## What is expected
Would you restate the full listing word for word and omit its pictures?

## Provided material
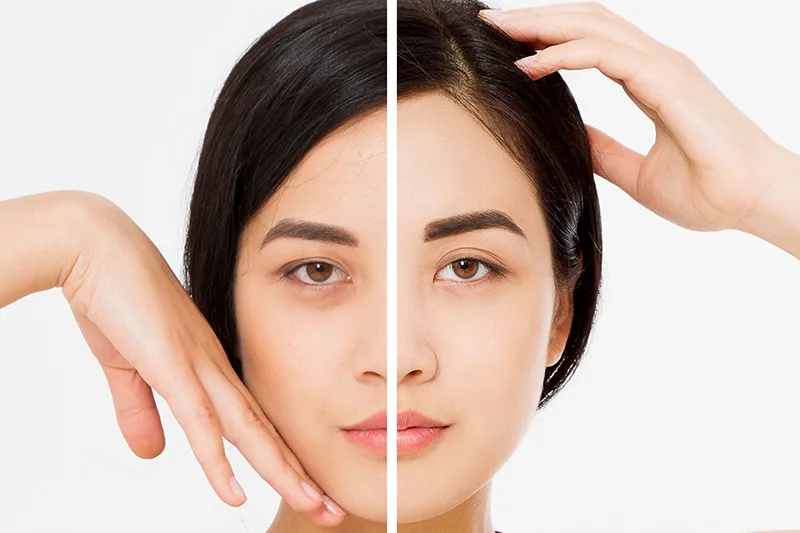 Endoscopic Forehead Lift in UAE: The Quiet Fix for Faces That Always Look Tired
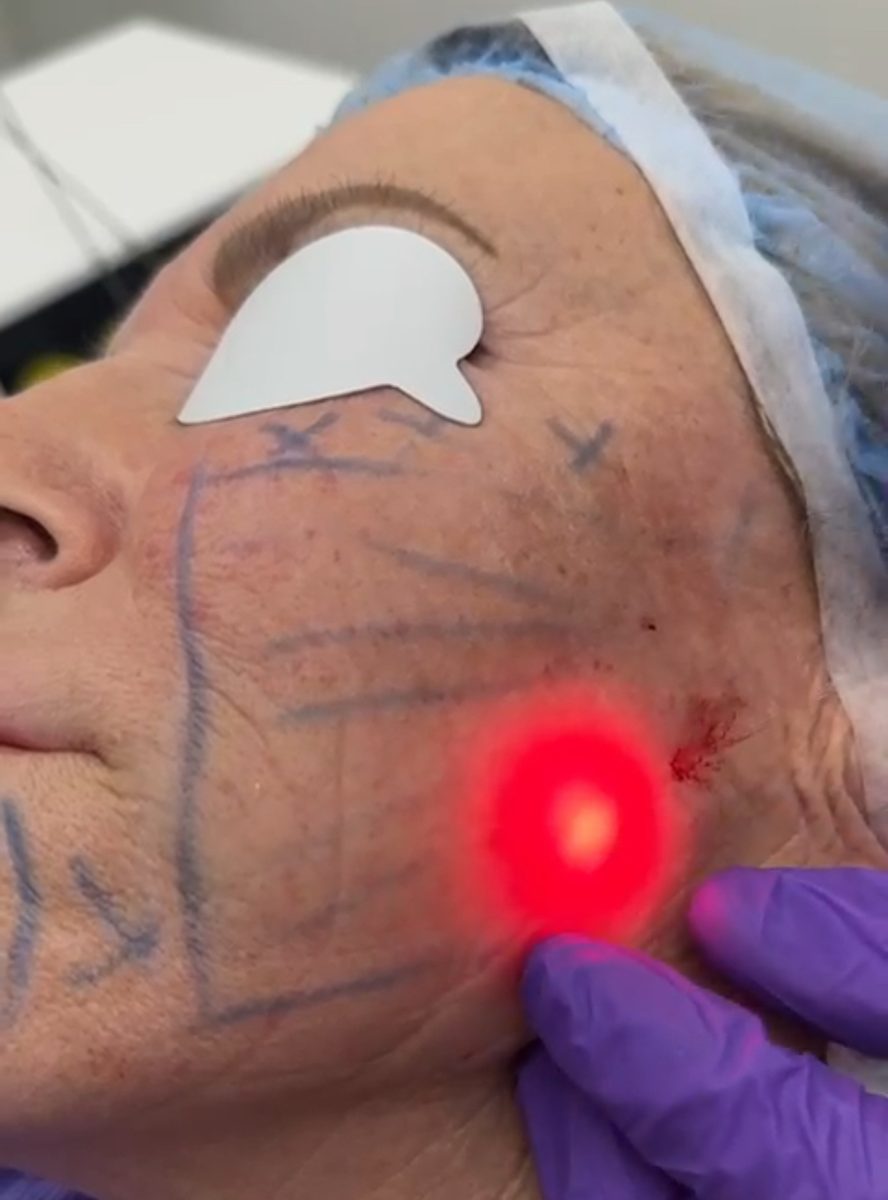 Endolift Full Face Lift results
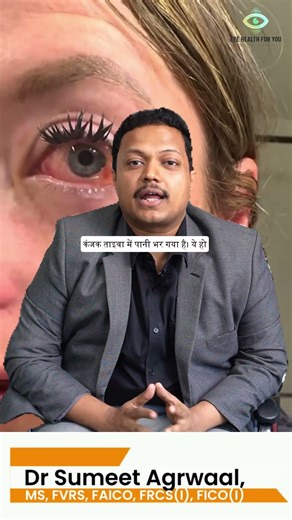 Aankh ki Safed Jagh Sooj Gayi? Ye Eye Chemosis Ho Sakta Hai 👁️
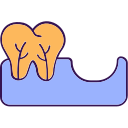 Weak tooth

## Result for this task
 Endoscopic Forehead Lift in UAE: The Quiet Fix for Faces That Always Look Tired
 Endolift Full Face Lift results
 Aankh ki Safed Jagh Sooj Gayi? Ye Eye Chemosis Ho Sakta Hai 👁️
 Weak tooth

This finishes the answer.